La responsabilité de la commune peut être engagée dans le cas où la transmission de renseignements inexacts en matière d'urbanisme aurait causé un préjudice. La jurisprudence administrative a ainsi été amenée à se prononcer sur les conséquences relatives à la délivrance d'un certificat d'urbanisme erroné ou incomplet, d'autant plus que les informations contenues dans un certificat d'urbanisme ont pour effet de conférer des droits acquis, malgré d'éventuelles modifications des règles d'urbanisme, conformément aux dispositions de l'article L. 410-1 du code de l'urbanisme.
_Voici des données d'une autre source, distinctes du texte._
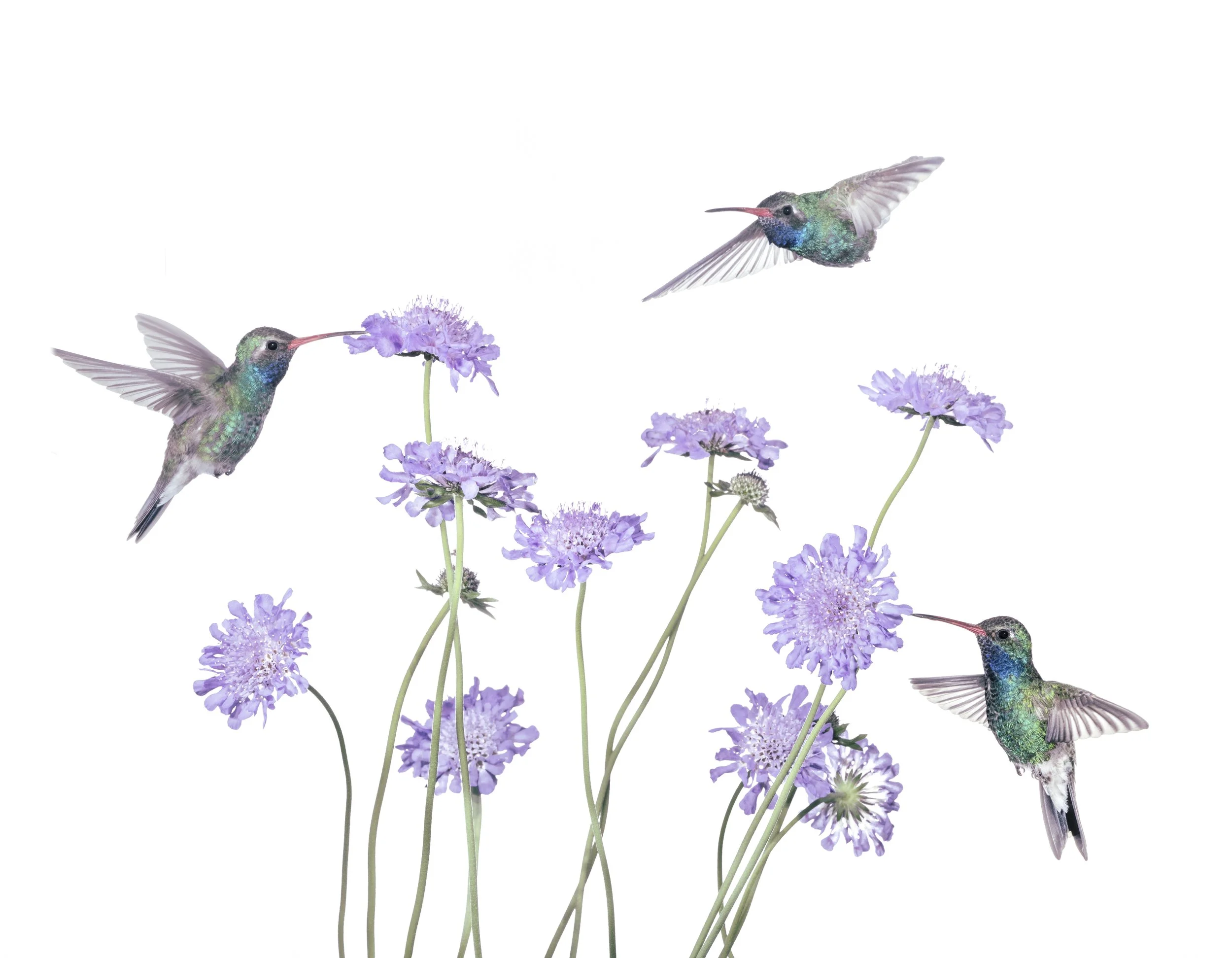 Humming Bird - 5.jpg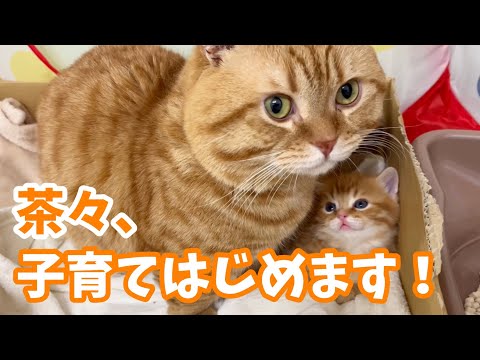 マンチカンの茶々くん遂に子猫のイクメンデビュー!?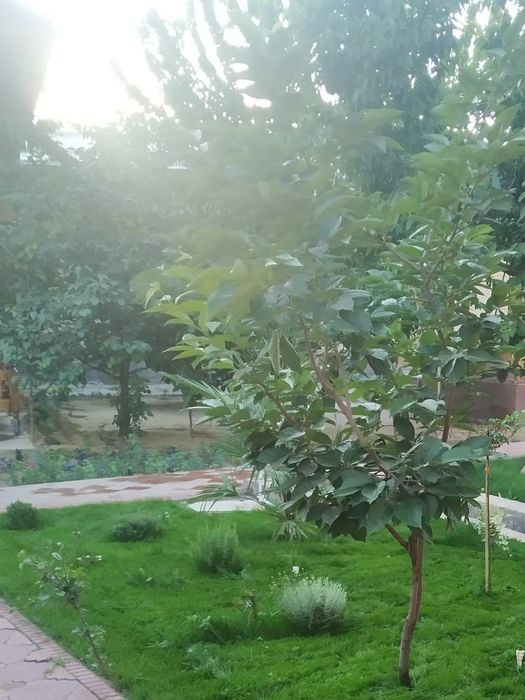 Gazon ekish landshaft dizayni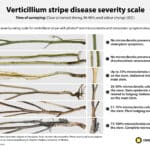 Verticillium stripe disease severity rating scale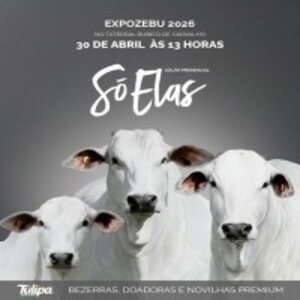 Leilão Presencial Só Elas - Expozebu 2026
La responsabilité de la collectivité qui a procédé à la délivrance du certificat d'urbanisme peut ainsi être engagée lorsqu'un préjudice résulte d'un certificat d'urbanisme qui omet des indications importantes ou comporte des indications inexactes (CAA de Lyon, 8 juillet 2008, req. n° 06LY00758 ; CE, 7 mai 2007, req. n° 282311 ; CAA de Marseille, 1er avril 2004, req. n° 98MA00204 ; CE, 13 novembre 2002, req. n° 230289 ; CE, 3 octobre 1990, req. n° 96666 ; CE, 24 juin 1988, req. n° 63019). La responsabilité de la commune peut également être engagée lorsqu'une simple note de renseignement, dont la délivrance est facultative, a causé un préjudice en raison de son caractère erroné ou incomplet (CE, 27 juillet 2001, req. n° 212050 ; CAA de Nantes, 30 septembre 1998, req. n° 96NT01265). Il convient cependant de souligner que la responsabilité de la commune peut être atténuée lorsqu'en dépit des informations erronées mentionnées dans un certificat d'urbanisme, l'acquéreur d'un terrain ne pouvait ignorer les particularités du site au regard de sa qualité de professionnel de l'immobilier (CE, 7 mai 2007, req. n° 282311). En tout état de cause, la responsabilité de la collectivité qui a procédé à la transmission de renseignements incomplets ou erronés n'est pas engagée en l'absence de preuve d'un lien de causalité avec le préjudice allégué (CE, 12 mars 1990, req. n° 67060 ; CE, 17 octobre 1986, req. n° 59260 ; CE, 7 février 1986, req. n° 53618).